É difícil manter-me calado, meti conversa entre o meu café e a sua meia de leite. O seu ligeiro sotaque brasileiro quase me ía enganando, mas ela era mesmo natural de uma das minhas ilhas preferidas dos Açores. Ao contrário daquilo que normalmente os corredores falam, não foi de corrida que falamos. Falamos das suas origens, do tribunal onde trabalhou antes da sua aposentação, dos 11 anos que viveu no Brasil, do marido e dos filhos que vivem no continente.

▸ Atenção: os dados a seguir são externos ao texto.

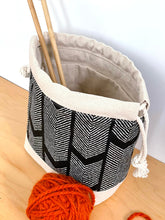 Load image into Gallery viewer, Minimalist black and white crafter's project bag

Jogou basquetebol entre os 14 e os 18 anos e a partir daí nunca mais praticou desporto. Em 2014, foi ao vulcão dos capelinhos ver os atletas a cortar a meta do Azores Trail Run e achou que um ano depois poderia conseguir fazer o mesmo na prova de 22 km.
Nem os seus 58 anos nem um cancro de mama a fez olhar para trás.
No ano seguinte cumpriu esse objectivo, mesmo sabendo que após a prova seria operada. Superou a prova e a doença. Treina várias vezes por semana e nem a quimioterapia oral que ainda faz a impedem de treinar e de competir. E já não se dá por satisfeita com 22 km, já dobrou a distância e a dureza das provas em que se inscreve.
Não tem problema em falar da sua doença e diz com satisfação que a corrida a ajudou a manter-se ocupada e a faz esquecer a aliviar o stress que a doença lhe provoca. Quando lhe perguntei o que mais lhe agrada na corrida, responde que é o facto de poder testar o corpo e a mente e de se desafiar a si própria, sentindo assim que não existem impossíveis.
Perante histórias de vida como a da Ana Paula, acham que faz sentido nos queixarmos constantemente do entorse, da tendinite ou de maleitas que não são mais que pequenos percalço na nossa vida de corredores?
Obrigado Ana Paula pelo seu testemunho e incentivo. Vamos com certeza ainda durante muitos anos ver-nos por esses trilhos.